# Source data:
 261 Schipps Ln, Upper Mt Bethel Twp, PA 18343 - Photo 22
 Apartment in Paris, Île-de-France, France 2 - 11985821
--
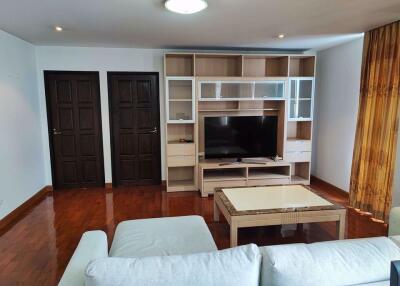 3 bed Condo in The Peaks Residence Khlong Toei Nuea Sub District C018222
* * *
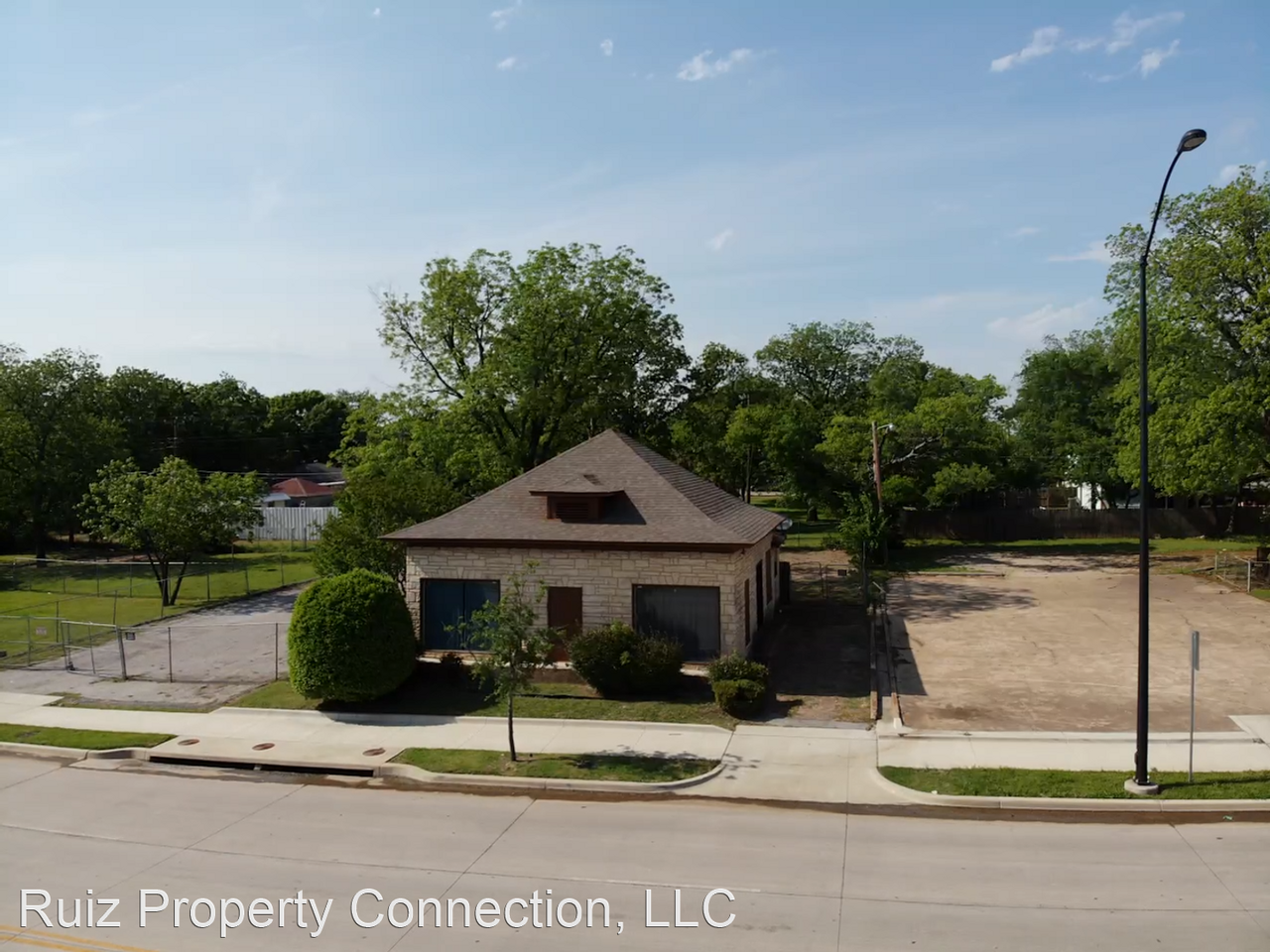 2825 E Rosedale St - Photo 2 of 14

# Work request:
From the entries above, restate word for word the lines from the line containing "261 Schipps Ln, Upper" to the line containing "Apartment in Paris, Île-de-France, France", both ends included, and nothing more.

# Solution to this exercise:
 261 Schipps Ln, Upper Mt Bethel Twp, PA 18343 - Photo 22
 Apartment in Paris, Île-de-France, France 2 - 11985821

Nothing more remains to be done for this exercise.